**Aim of the task:** What you return must match the entries exactly, except that the pictures are gone.

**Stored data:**
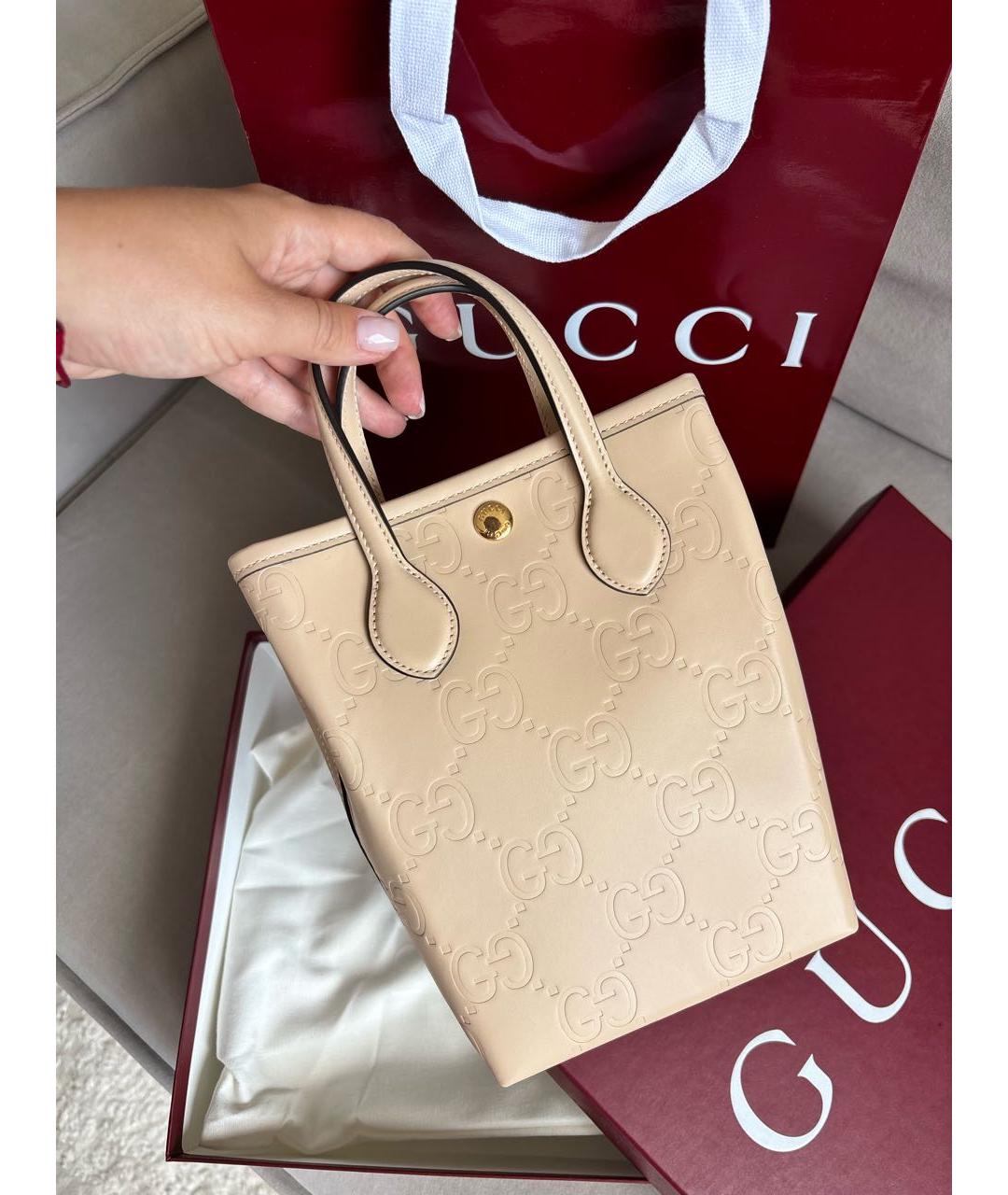 GUCCI Бежевая кожаная сумка через плечо, фото 3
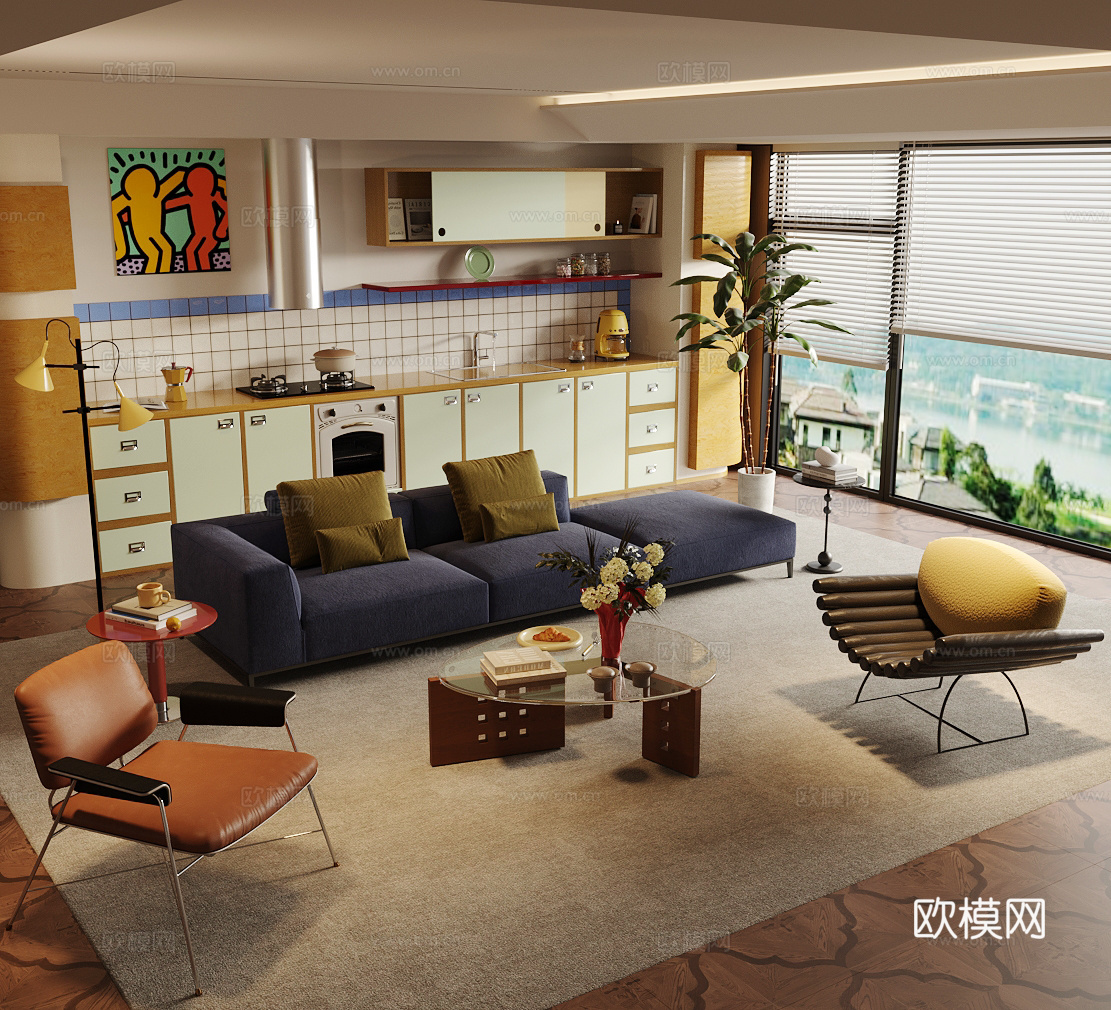 现代包豪斯客厅 后现代家居客厅 复古风客厅 孟菲斯客厅3d模型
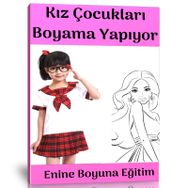 Kız Çocukları Boyama Enine Boyuna Eğitim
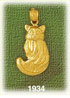 14k gold bushy tailed cat charm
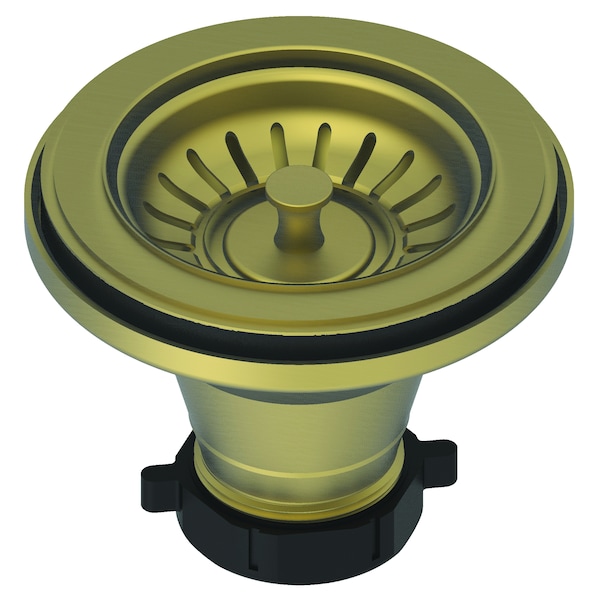Large Basket Strainer Set in Antique Brass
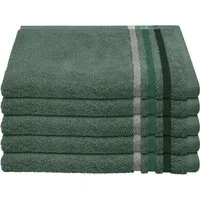Schiesser Gästehandtücher Skyline Color aus 100 % Baumwolle mit eleganter Streifenbordüre, Frottier (Set, 5-St), MADE IN GREEN by OEKO-TEX®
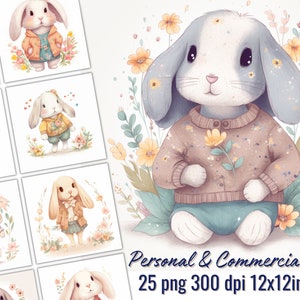 Sweet Bunnies With Flower Clipart - Rabbit Illustration Bundle - 25 PNG ...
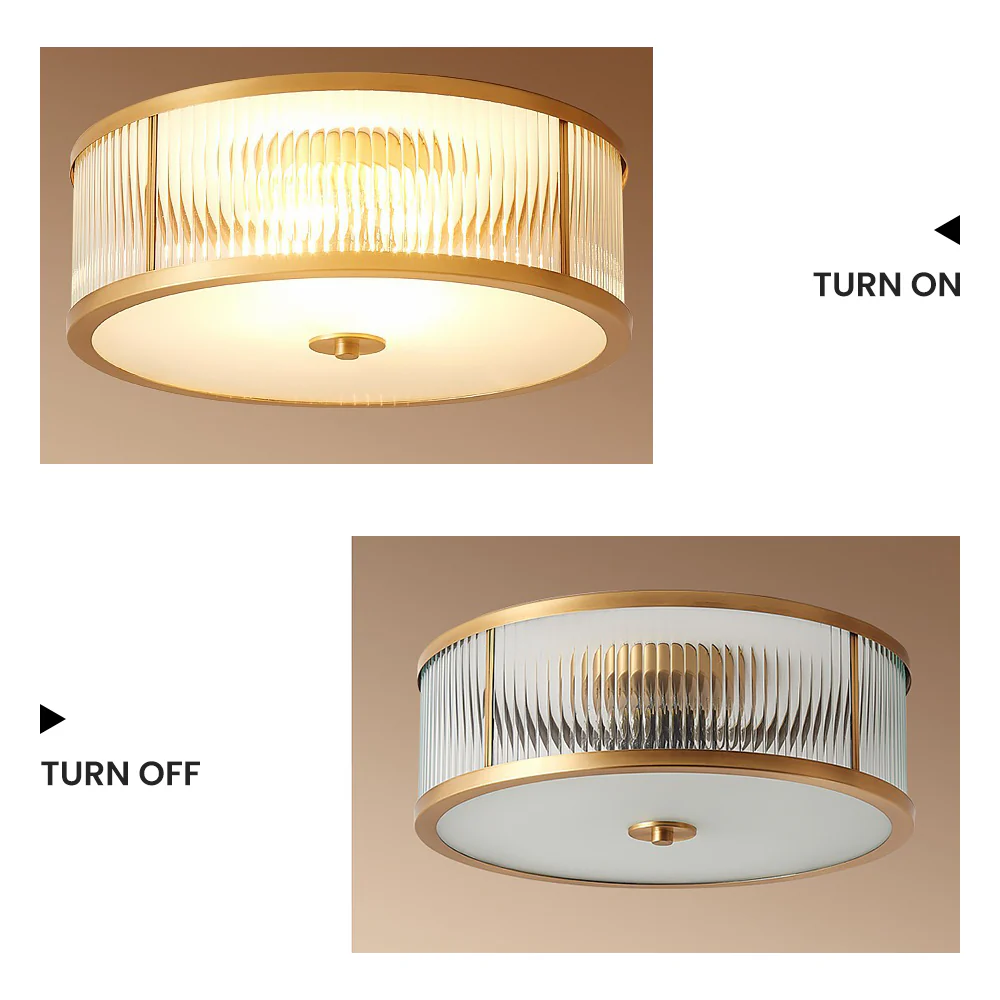 Vintage Round Simple Brass Ceiling Lamps - Image 8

**Answer to this problem:**
 GUCCI Бежевая кожаная сумка через плечо, фото 3
 现代包豪斯客厅 后现代家居客厅 复古风客厅 孟菲斯客厅3d模型
 Kız Çocukları Boyama Enine Boyuna Eğitim
 14k gold bushy tailed cat charm
Large Basket Strainer Set in Antique Brass
Schiesser Gästehandtücher Skyline Color aus 100 % Baumwolle mit eleganter Streifenbordüre, Frottier (Set, 5-St), MADE IN GREEN by OEKO-TEX®
 Sweet Bunnies With Flower Clipart - Rabbit Illustration Bundle - 25 PNG ...
 Vintage Round Simple Brass Ceiling Lamps - Image 8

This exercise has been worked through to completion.